──────── DATA PROVIDED ────────

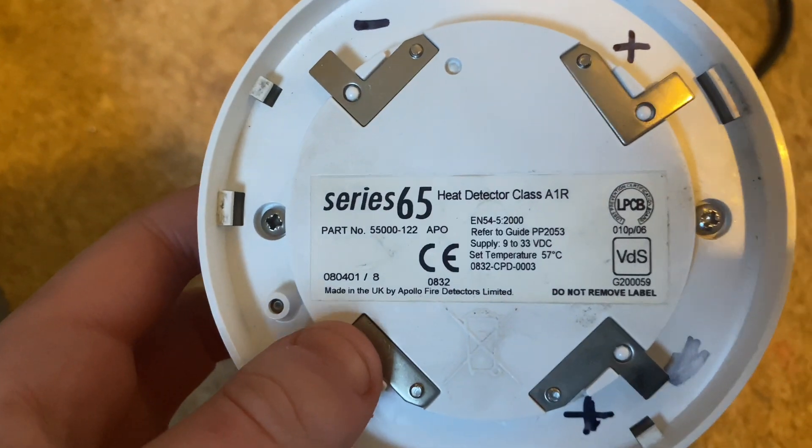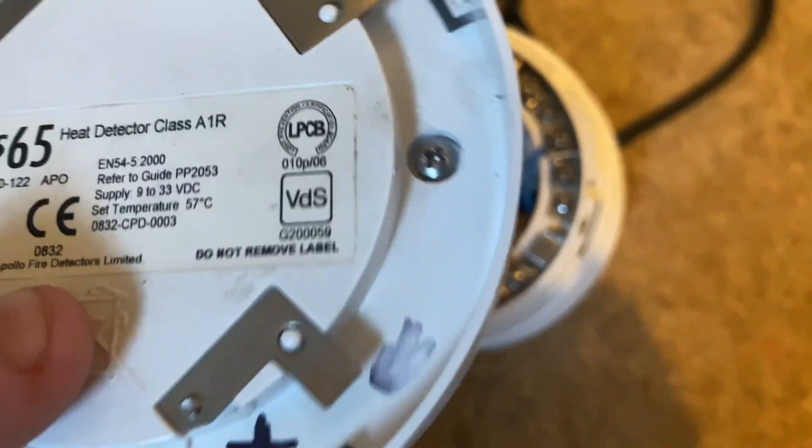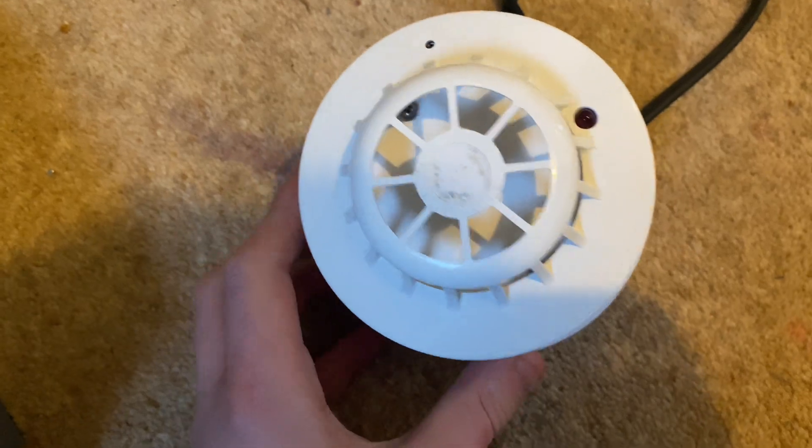Series 65 heat detector, class A1R, which is where Ryza took off the sticker because I don't like the sticker on my heat detectors.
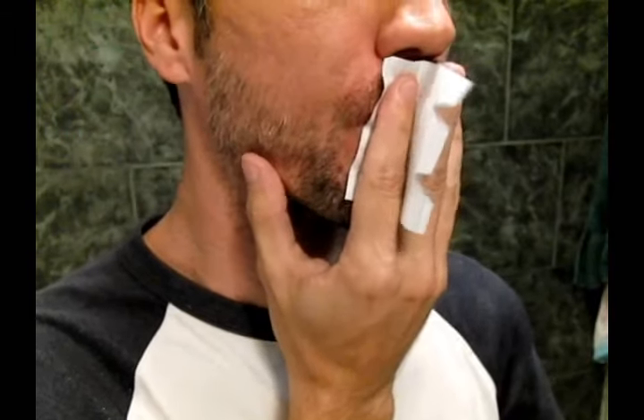It's hard to hear the full effect on video. Try it yourself and you will see how incredibly loud this is.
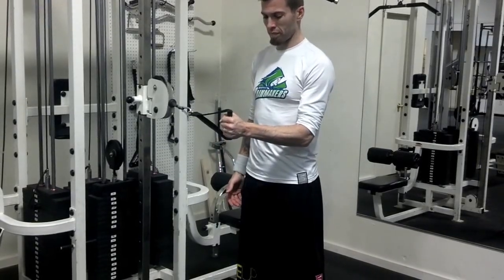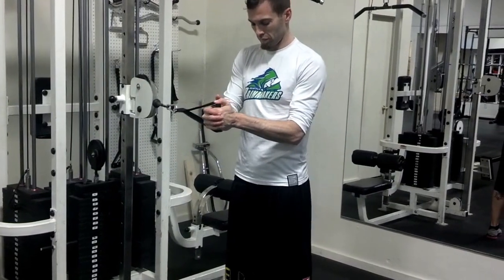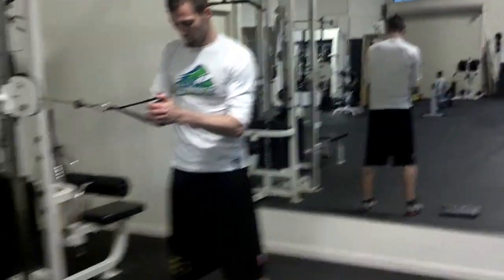So this is the Pallof Press. Setting up, grab it with your outside hand, and then reinforce with the inside hand. Then just take a step or so away from the cable, so he's really standing straight out.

────────

## EXERCISE GOAL
Your task is to repeat the material above exactly, without its pictures.

## RESULT OF THIS TASK
Series 65 heat detector, class A1R, which is where Ryza took off the sticker because I don't like the sticker on my heat detectors.
It's hard to hear the full effect on video. Try it yourself and you will see how incredibly loud this is.
So this is the Pallof Press. Setting up, grab it with your outside hand, and then reinforce with the inside hand. Then just take a step or so away from the cable, so he's really standing straight out.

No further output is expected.